Voorts werd na de oorlog een aantal nieuwe verenigingen opgericht. Zo ontstonden OVA (Zaandam, 1946, alleen voor vrouwen); Kwiek (Wormer, 1946, gymnastiek- en atletiekvereniging); 1946 (Wormerveer, 1946, gegevens ontbreken), Trio (Oost-Knollendam, 1948, de naam verwijst naar de drie dorpen Oost- en West-Knollendam en Marken-Binnen, waar de leden vandaan kwamen) en Fortuna (Jisp, 1949, gymnastiek en volleybal).

De naoorlogse periode werd voor de gymnastiekverenigingen een periode van grote bloei, mede doordat binnen de oorspronkelijke gymnastiekverenigingen talrijke sporten werden beoefend (zoals handbal, volleybal, zwemmen, jazz-ballet, aerobic-dancing, slagbal, korfbal, badminton et cetera). Uit Lycurgus-Hygiëa kwamen verscheidene andere sportverenigingen voort; Krovo (volleybal, 1971), Swish (badminton, 1971), de Basketiers (basketbal) en Lycurgus (tamboer- en trompetterkorps, 1978). De belangrijkste afscheiding van Lycurgus Hygiëa had overigens al voor de Tweede Wereldoorlog plaats, toen in 1938 de atletiekvereniging Lycurgus werd opgericht (zie: ➝ Atletiek). Lycurgus Hygiëa had in 1988 550 leden, de uit de gymnastiekvereniging voortgekomen verenigingen hadden gezamenlijk rond de 1100 leden. Andere grote verenigingen werden Olympia (maximaal 700 leden) en Kracht en Vlugheid (maximaal 1250 leden).

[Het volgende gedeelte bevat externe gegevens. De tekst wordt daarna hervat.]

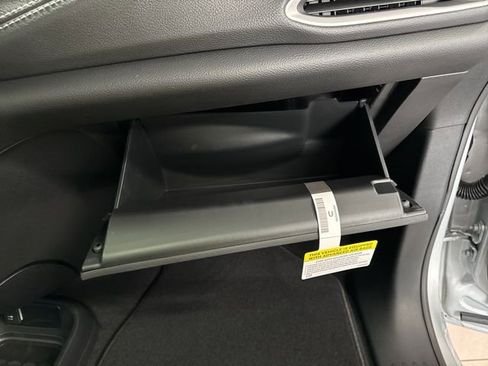 New 2026 Chrysler Pacifica Select w/ S Appearance Package image 51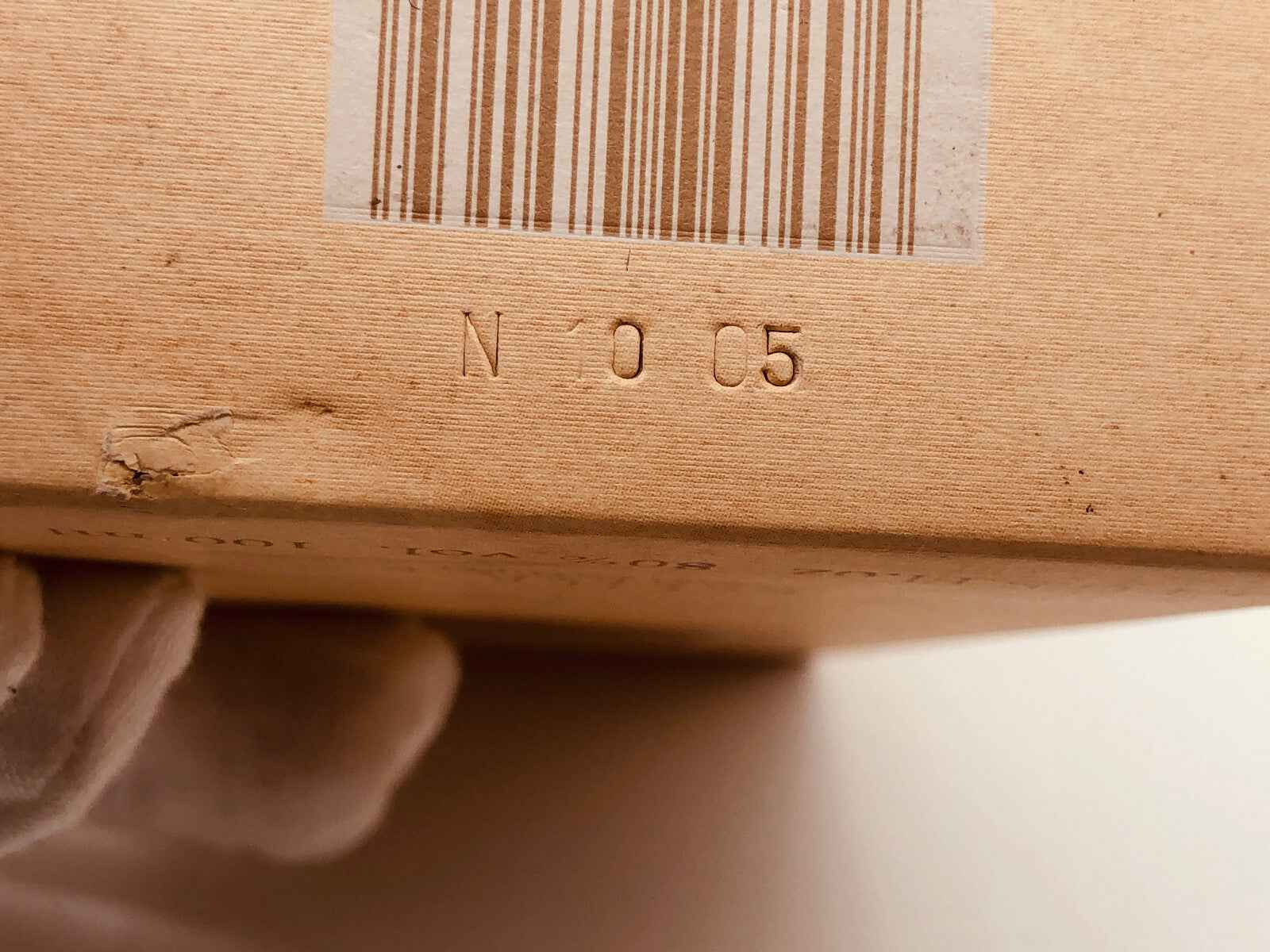 Scatola del profumo Fendi Life Essence con codice a barre visibile e impronta del dito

In 1989 had het merendeel der Zaanse verenigingen tussen de 100 en 200 leden. Groter waren Olympia (ruim 800 leden), Lycurgus Hygiëa (550), Simson (390), Door Eendracht Verbonden (380), Turnlust (330), Carna-Concordia (280), Kwiek (250) en Jahn (215). In

1966 werd te Assendelft Aktief opgericht (in 1989 200 leden).

De Zaanse Turnkring ging in 1978 een fusie aan met de Amsterdamse Turnbond, de Kennemer Turnkring en het Noordhollands Zuiderkwartier. Samen vormden zij de Turnkring Noord-Holland Zuid. Na een landelijke fusie tussen de katholieke en de neutrale bond, trad men toe tot de Koninklijke Nederlandse Gymnastiek Bond. De Zaanse verenigingen vormden in deze bond het rayon Zaanstreek van de regio Zuidelijk Noord-Holland. Bij het rayon waren in 1989 aangesloten: Aktief, Carna-Concordia, Door Eendracht Verbonden, Fortuna, Hercules-Hebe, Jahn, Kwiek, Lycurgus-Hygiëa, Olympia, Saenden, TOB (Tuindorp Oostzaan), Wilskracht (Landsmeer) en Werken is Leven. Trio, Simson en Achilles zijn uit de bond gestapt. Kracht en Vlugheid, Door Inspanning Ontspanning en Door Oefening Kracht vormden in 1989 samen met vier andere verenigingen de kring IJmond-Zaanstreek van het Koninklijk Nederlands Christelijk Gymnastiek Verbond.